When you decompose systems, at some point you have a chunk (module, component, …) that you want to structure internally. How do you do that? One of the strategies is to mirror domain concepts. This actually works fine in most IT cases (and probably most others too, once you get used to it). There is an argument that the domain concepts (nouns) change very slowly, while the their behaviors seem to always be evolving (verbs). So if you align your structure with the nouns you get less churn induced by the domain changing. This OO strategy implicitly promotes modifiability.
Your suggestion to use a functional programming style is similar to the “orthogonal abstraction” I describe in the book — in the functional case it is usually some math formalism, hence the desire to work with tuples instead of a domain-specific concept. I can see two big advantages to the orthogonal abstraction. First, it could be much faster (or some other quality attribute). In fact it would be surprising if the OO strategy was the fastest — why would the way things are “in real life” naturally align with performance? And second, it could be that there is a domain that has already been well studied (e.g. compilers, databases, static analysis) that has its own set of (stable) abstractions. Experts have decided that these are the essential concepts and they work well.
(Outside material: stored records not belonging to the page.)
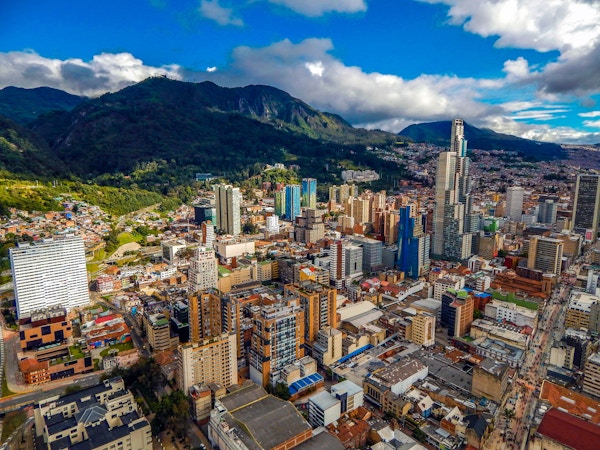 Bogota bybilde med store bygninger og fjell og blå himmel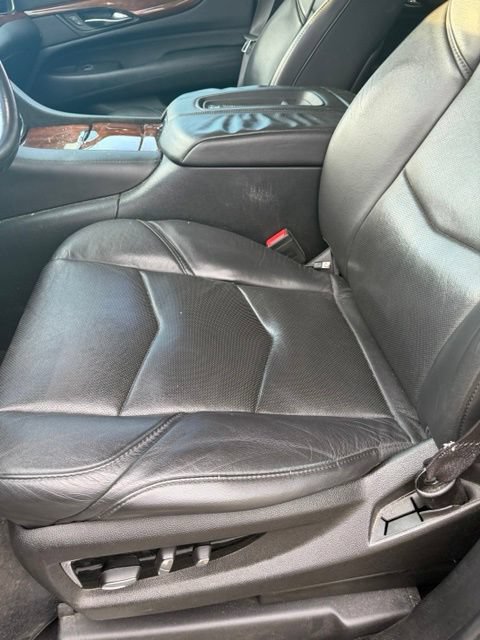 Used 2016 Cadillac Escalade Premium RWD image 15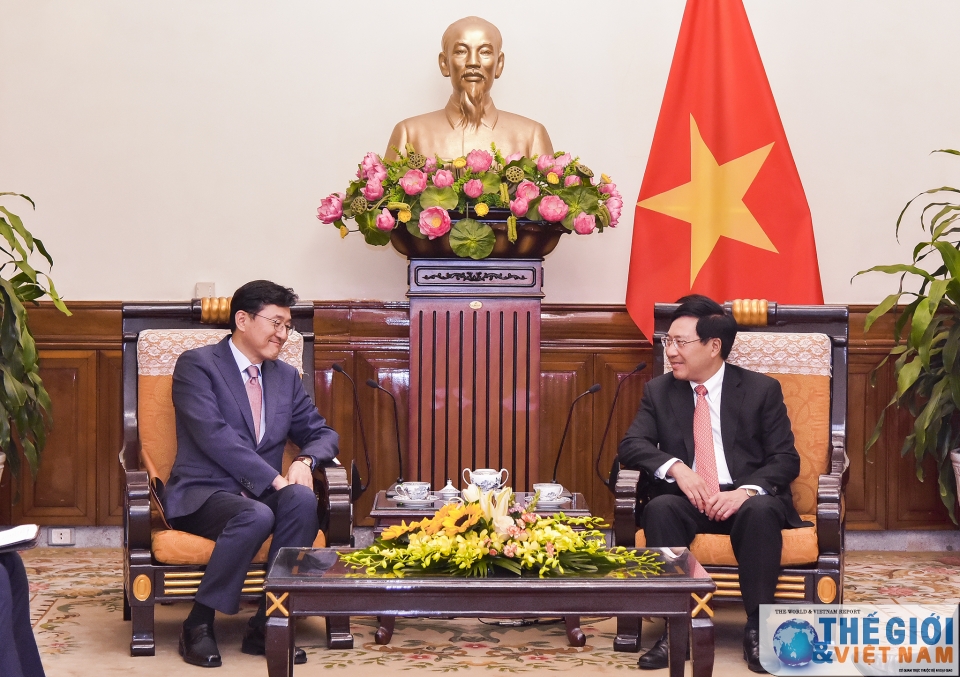 pho thu tuong pham binh minh tiep thu truong han quoc yoon soon gu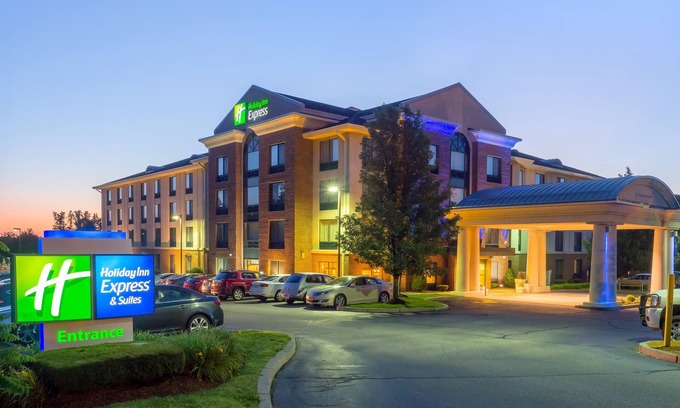 Auburn Hotel | Holiday Inn Express Hotel & Suites Auburn by IHG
A day in the life of an IT programmer is a frustrating exercise in what is not known. It is not about engineering a great solution to a known problem. Perhaps this is an under-appreciated fact in academics, and it would explain many prejudices. You’re just some guy trying to make the system do what the marketing / sales / customers want it to do. You never understand the domain (banking, inventory, insurance, etc.) as well as the experts. You are always building an approximation of what they’d really like to have. They always wish it was already built and you always build it too slowly. What you built yesterday doesn’t really support what they want tomorrow. I think systems/OS guys feel less like this — they have less churn in their domain and they spend more time working on optimizing the internal implementation of a module/component.
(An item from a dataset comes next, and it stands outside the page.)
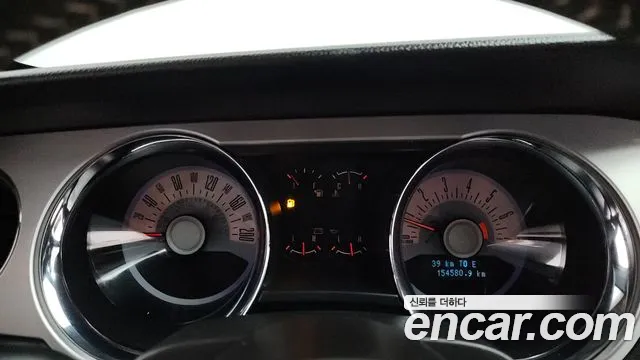 Ford Mustang 2010 thumb 3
There’s a story about building a system to track boats on a lake. The first design is an OO one, with classes representing boats, trips, and fares; it can tell you what the cash register should hold at the end of the day. The second design is minimal: just keep two counters that sum the departure and return times of each boat. At the end of the day, subtract the departure counter from the return counter to get total minutes and multiply by rate. Ta da. But if you ask for any change to the OO system (say discount fares after 5pm) it’s easy to add because the change is relative to the domain, which is already encoded in the design, while the other solution has pruned the problem to its core, so you’d have to start over to change anything. I’m not saying this story is accurate — it’s a fable so it’s exaggerated — but the nugget of truth is there, including the extreme simplicity of non-OO solutions. (If anyone knows the origin if this fable please let me know).